Language tags remaining valid, I presume that the tag "sr-CS"
will continue to mean Serbian as used in Serbia and Montenegro
(officially equivalent to Serbe par Serbie et Monténégro) as that
is a valid RFC 3066 language tag and its corresponding meaning...
but I can see no evidence of that in the draft -- indeed it
appears that the draft would change that meaning significantly.

> There are 6000 languages spoken on Earth, of which 
> perhaps 600 have a standard written form.

ISO 639 lists about 650, not precisely 6000.

It might be worthwhile considering the differences in the
way languages tags are used, by whom they are used, and for
what purpose.  There may well be a substantial difference
between use of a tag to represent an obscure dialect of a
dead language in a research paper vs. tagging a piece of
text in one of the core Internet protocols such as SMTP.
The draft seems to ignore the needs of the core Internet
protocols (e.g. unbounded tag length which is incompatible
with those protocols).

> What is supposed to 
> be privileged about English and French?

They happen to be the languages in which international
standards (q.v. the ISO and UN lists) are published.
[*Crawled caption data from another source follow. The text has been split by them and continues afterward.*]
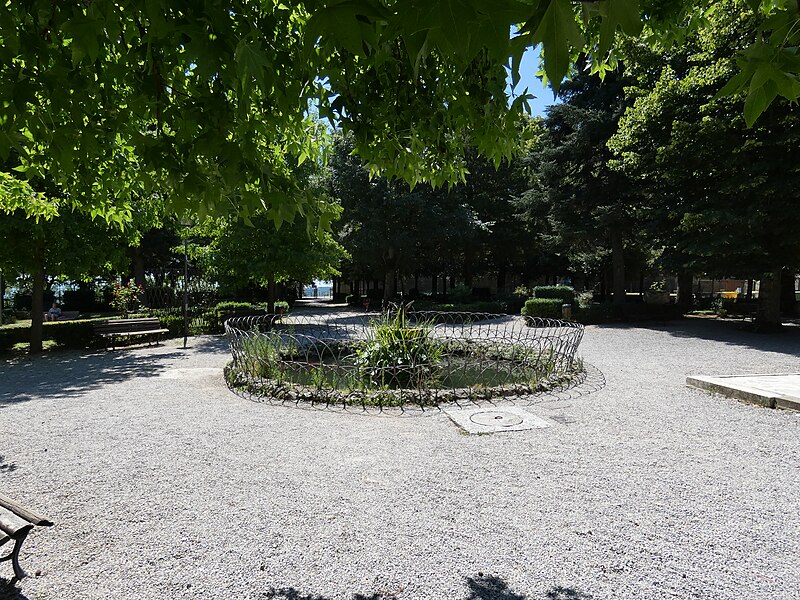 File:Giardini Poggiofanti (Montepulciano) 16.jpg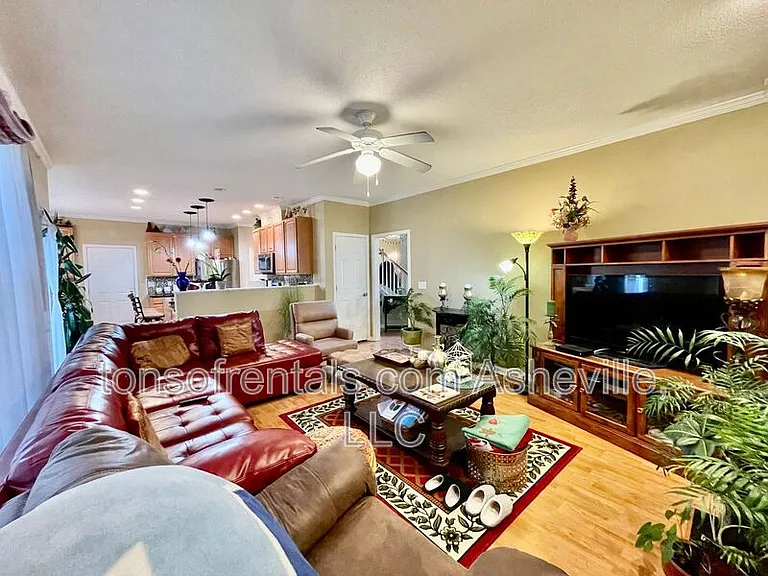 51 Yorktown Cir — Photo 8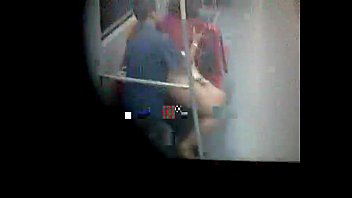 Flagras de sexo forçado no onibus e trens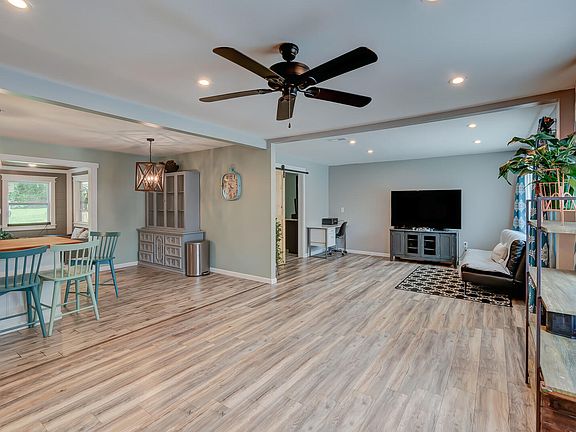 5th image of 6305 Cadbury Dr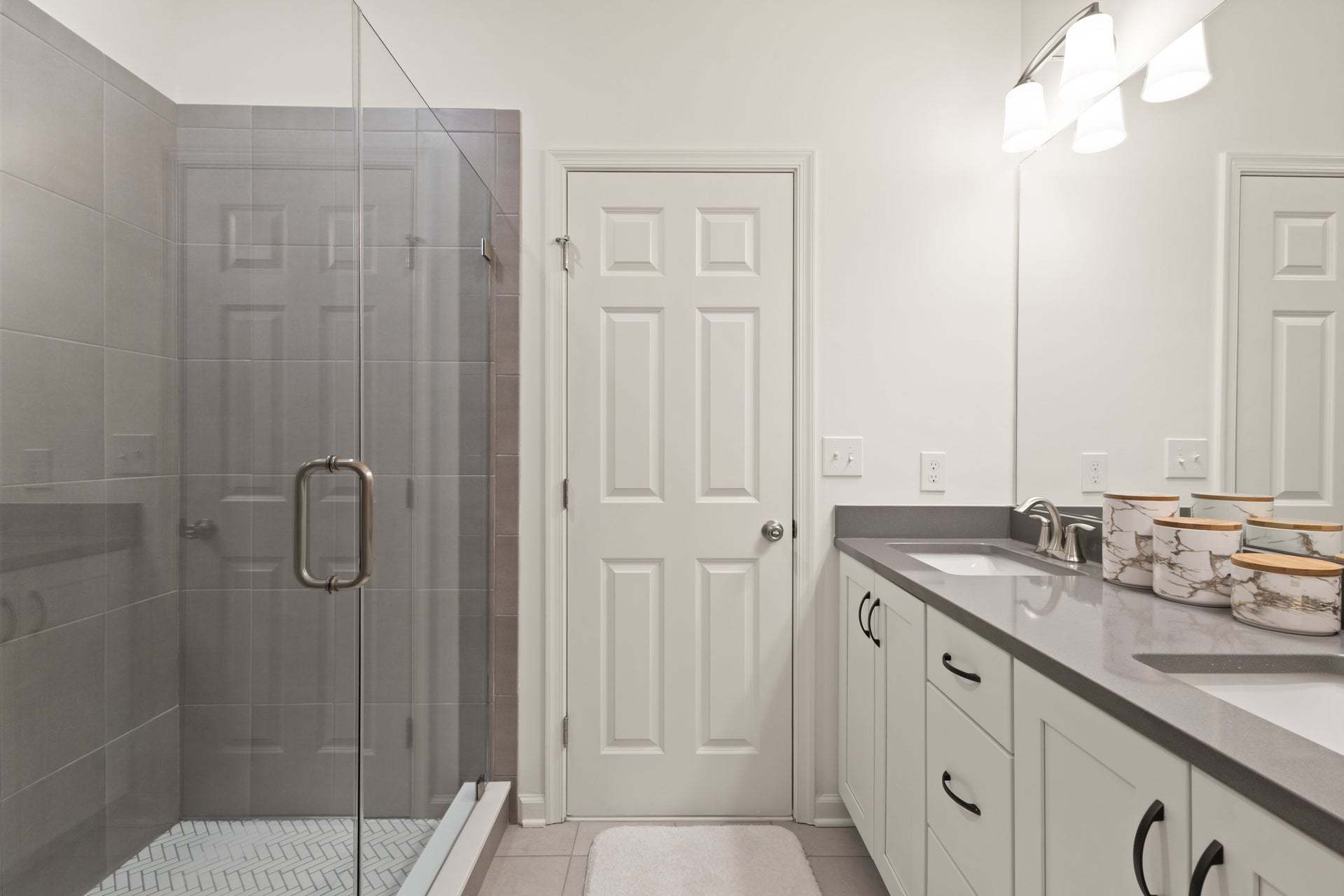 Griffin Owner's Bath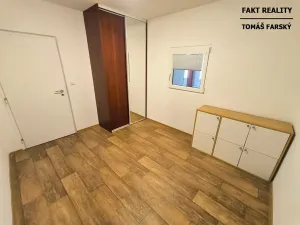 Pronájem bytu 3+1, Ústí nad Labem, V Podhájí, 65 m2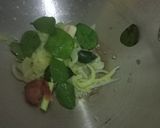 Foto langkah ke 2 dari resep Tomyam bumbu instan.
If
one is going to use those standards (or a snapshot of them)
as a basis for subtags, then one ought to preserve the
standardized descriptions in the offcial languages of those
standards rather than discarding all but one of them in a
fit of Anglo-centrism.

> > Eliminating bilingual descriptions for the language,
> > country (and UN region) codes leaves implementors
> > in a quandary.
> 
> Only for those implementers to whom English and French, but
> no other language, is essential.

Implementors of RFC 3066, where the relevant standards
provided official bilingual descriptions of the country
and language codes.  Something which the "new last call"
text states that the draft proposal "is compatible with",
but which is not evident in the substance of the proposal. 

> > ABNF from the draft:
> 
> You're technically right, but your underlying claim (that RFC 3066 tags are
> bounded in length) is false, as has been shown

One part of my claim is that non-private-use RFC 3066 tags
up to the present time are no longer than 11 octets in length.
As the draft, if/when approved, would close that registration
process, that limit (unless a longer tag is registered in
the interim) would apply for all time.  The other part of my
claim is that under the proposed scheme, non-private-use tags
become unbounded in length, and that is incompatible with
existing Standards Track RFCs (821, 822, 2821, 2822, 2047,
2231, 3282 among them) and the core Internet protocols
which they specify.

> and the "grandfathered" 
> production is only used to match certain existing registered RFC 3066
> tags as they appear in the registry.

Then the ABNF for that production should match those
"certain existing registered RFC 3066 tags as they appear
in the registry" , and not match unbounded-length subtags,
non-alphabetic primary subtags, zero-length subtags, dangling
hyphens, etc.; I don't want that ABNF to be used as an excuse
for a future revision to introduce such constructs officially
on the basis that they are permitted by that ABNF.